The board held a workshop on the start time issue at the end of May.  As far as I can tell from the minutes, they're screwing the whole thing up. But it's hard to tell, because the minutes discuss six or seven options without ever saying what the options are.

It looks like the board doesn't want to consider plans where high school ends after 3:00.  That pushes the opening to 8:00, which is 30 minutes before the earliest recommended time.  Plus it looks like they don't want to move the elementary schools earlier so (I think) they're exploring busing everybody at once.   So as far as I can tell the vague plan right now is to make us pay for extra buses to get a start time that doesn't even meet the minimum recommended.
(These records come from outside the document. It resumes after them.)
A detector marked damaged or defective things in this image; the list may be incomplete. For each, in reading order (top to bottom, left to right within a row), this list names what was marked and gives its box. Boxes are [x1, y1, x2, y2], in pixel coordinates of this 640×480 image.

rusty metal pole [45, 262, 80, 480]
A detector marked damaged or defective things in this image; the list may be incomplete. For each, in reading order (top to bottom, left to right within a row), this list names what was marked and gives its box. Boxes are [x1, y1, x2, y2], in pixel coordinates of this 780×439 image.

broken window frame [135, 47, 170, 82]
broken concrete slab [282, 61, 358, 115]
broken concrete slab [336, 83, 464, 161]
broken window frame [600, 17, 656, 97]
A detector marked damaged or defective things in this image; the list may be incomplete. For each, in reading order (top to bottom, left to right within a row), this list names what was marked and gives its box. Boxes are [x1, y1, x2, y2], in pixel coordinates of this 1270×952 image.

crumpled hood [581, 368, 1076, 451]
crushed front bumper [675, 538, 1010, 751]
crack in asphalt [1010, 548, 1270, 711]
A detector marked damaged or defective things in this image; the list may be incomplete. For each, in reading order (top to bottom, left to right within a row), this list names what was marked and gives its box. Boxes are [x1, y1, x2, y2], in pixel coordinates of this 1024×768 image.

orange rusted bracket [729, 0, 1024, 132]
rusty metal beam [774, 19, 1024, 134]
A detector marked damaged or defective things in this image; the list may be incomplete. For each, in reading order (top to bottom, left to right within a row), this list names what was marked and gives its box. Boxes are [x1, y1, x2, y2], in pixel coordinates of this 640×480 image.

I think the right plan is Elementary 7:45 am to 2:25 pm,  Middle School / High School 8:45 am to 3:45 pm.

Local Heinemann Fellows

The Heinemann Fellowship is a prestigious national award given every few years to around a dozen teachers whose work advances the teaching profession. In 2016, Oyster River's own Chris Hall, a fifth grade  teacher at ORMS, was one of the recipients.  Incredibly, so was Durham's Ian Fleischer, a fifth grade teacher at New Franklin School in Portsmouth. I'm fortunate to know both of them pretty well.  If it's not coincidence enough that two of eleven national fellows were from Durham, Ian's son and my son both just finished fifth grade, where their teacher was Mr. Hall.  Small world.  Congratulations, Ian and Chris. (Report).

Multiage K-1 Approved

This fall Oyster River will offer full day Kindergarten for the first time.  The board authorized the superintendent to hire an additional teacher.  The plan is for the new teacher to teach K, and an existing teacher to teach a multiage classroom of Kindergarten and first graders together.  This is because both schools together have filled six Kindergarten classes to our class size capacity (18).  Any additional students will have to attend Mast Way in a seventh class.  Usually we get a few more enrollees over the summer.  Similarly, Mast Way's first grade classes are at or near capacity.  The combined K-1 class solves both problems, and the board approved it with some trepidation.